97  

Два плебейских эдила того года (старшим в их паре был младший брат Цицерона, Квинт) не представляли собой конкурентов для курульных эдилов.

— Денег на игры от них ждать не приходится, — сказал Цезарь Бибулу, вздохнув при этом. — Кажется, они вообще не собираются заниматься городом.

Бибул с мрачной неприязнью посмотрел на своего коллегу.

— Не жди рвения и от курульного эдила, Цезарь. Я могу потратиться на хорошие игры, но на грандиозные мероприятия меня не хватит. И деньги свои я не буду мотать так, как это делаешь ты. К тому же я не намерен инспектировать сточные трубы или гидравлические насадки вдоль каждой водоводной трубы. А также перекрашивать храм Кастора и бегать по рынкам, проверяя там все весы.

— А что же ты намерен делать? — презрительно спросил Цезарь.

— Только необходимое, и ничего сверх того.

— Разве ты не считаешь, что весы необходимо проверять?

— Не считаю.

— Ладно, — отозвался Цезарь, опасно ухмыляясь. — Есть некий смысл в том, что мы располагаемся в храме Кастора. Если ты хочешь быть Поллуксом — давай, валяй. Но не забывай о судьбе Поллукса. В памяти людей он не сохранился, и никто его даже не упоминает.

Такой старт нельзя было назвать хорошим. Всегда слишком занятый, чтобы беспокоиться о тех, кто заявил о своем нежелании сотрудничать, Цезарь стал выполнять свои обязанности так, словно был единственным эдилом в Риме. У него имелась отличная сеть помощников, которые докладывали ему о любых правонарушениях. Он завербовал информаторами Луция Декумия и его братьев из общины перекрестка. Эти люди сообщали Цезарю о торговцах, которые недовешивают или недомеривают покупателям; о строителях, которые не соблюдают границ постройки или используют некачественный материал; о землевладельцах, которые обманывают водные компании, отводя на свои земли от главных водоводов трубы большего диаметра, чем предписывает закон. Цезарь немилосердно штрафовал нарушителей, и штрафы были крупные. Никто не избежал наказания, даже его друг Марк Красc.

— Ты начинаешь надоедать мне, — ворчал Красc уже в начале февраля. — Ты обошелся мне в целое состояние! Слишком мало цемента в строительном растворе, слишком мало балок в той инсуле, которую я возвожу на Виминале, — и, что бы ты ни говорил, она не вторгается на общественную землю! Пятьдесят тысяч сестерциев штрафа просто потому, что я подключился к сточной трубе и поставил личные туалеты в моих новых квартирах на Каринах? Это же два таланта, Цезарь!

— Нарушаешь закон — плати штраф, — ответил Цезарь, совершенно не раскаиваясь в содеянном. — Мне нужен каждый сестерций, который я могу положить в мой штрафной сундук, и я не собираюсь освобождать от этого моих друзей.

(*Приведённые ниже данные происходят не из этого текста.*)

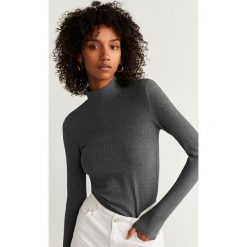 Mango - Longsleeve Silla. Szare bluzki damskie Mango, xs, bez wzorów, z elastanu, z golfem. Za 69,90 zł.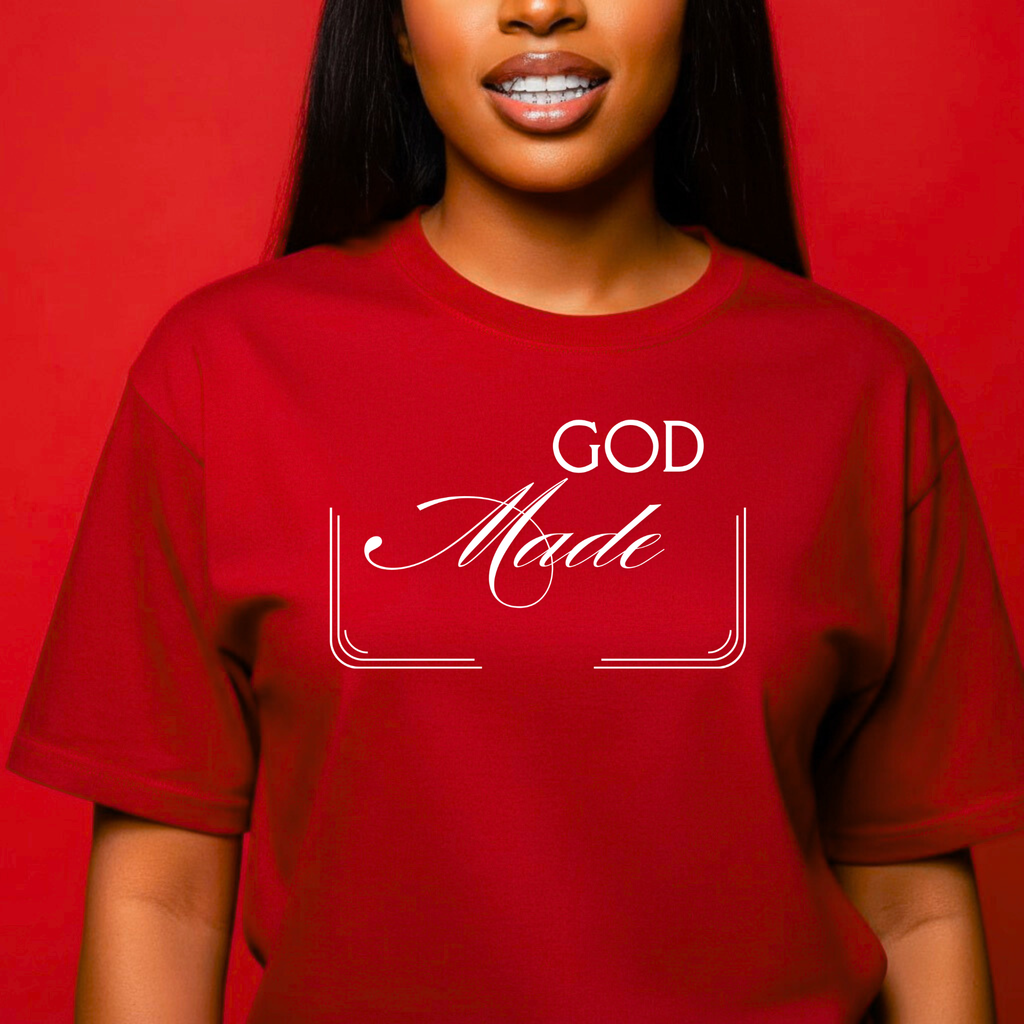 Person wearing a red t-shirt with 'GOD Made' text on a red background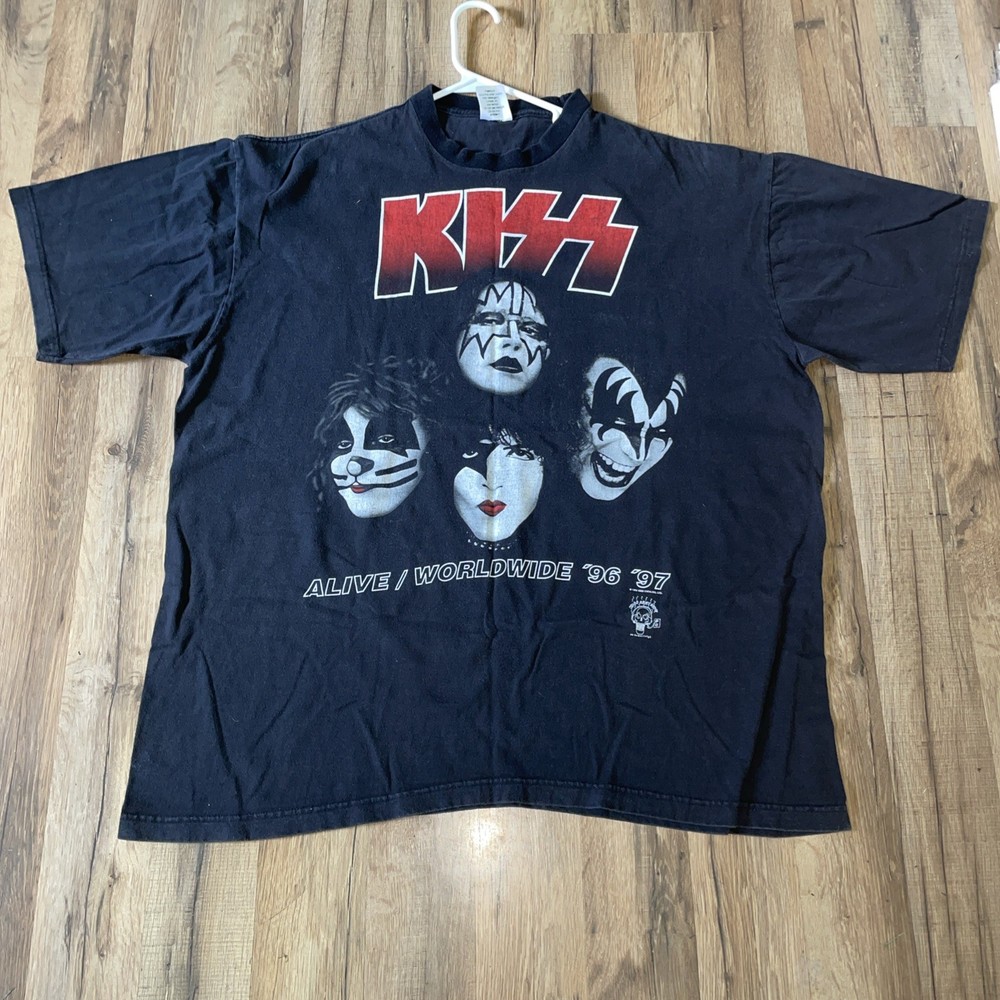VTG KISS Tour T-Shirt XL Alive Worldwide Concert 96-97 USA Made 90s Band Y2K XXL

— Если ты будешь продолжать в таком духе, у тебя не останется друзей.

— Раз ты так говоришь, Марк, значит, ты — друг только в хорошую погоду, — произнес Цезарь, не вполне справедливо.

— Нет, это не так. Но если тебе необходимы деньги, чтобы финансировать зрелища, тогда займи их! Не жди, пока все деловые люди в Риме оплатят штрафами твои общественные феерии! — воскликнул Красc, задетый словами Цезаря. — Я дам тебе денег и не возьму процентов.

— Благодарю, но не надо, — твердо отказался Цезарь. — Если бы я это сделал, я тоже был бы другом в хорошую погоду. Если мне придется занять, я пойду к ростовщику и возьму у него.

— Ты не можешь этого сделать. Ты — сенатор.

— Могу, даже если я сенатор. Если меня выкинут из Сената за то, что я занял денег у ростовщика, Красc, со мной придется уйти еще пятидесяти сенаторам. — Глаза Цезаря блеснули. — А ты можешь кое-что сделать для меня.

— Что?

— Сведи меня с каким-нибудь неболтливым торговцем жемчугом, который захотел бы купить самые красивые жемчужины, какие он когда-либо видел. Впоследствии он перепродаст их за сумму много большую, чем заплатит мне.

— Ого! Что-то я не помню, чтобы ты декларировал жемчуг, когда регистрировал свои пиратские трофеи!

— Я его не декларировал. Точно так же, как ничего не сказал о тех пятистах талантах, которые взял себе. Моя судьба — в твоих руках, Марк. Ты можешь подать на меня в суд, и со мной покончено.

— Я не сделаю этого, Цезарь, если ты перестанешь меня штрафовать, — хитро ответил Красc.

— В таком случае тебе лучше сейчас же пойти к городскому претору и назвать мое имя, — смеясь, молвил Цезарь, — потому что так ты меня не купишь!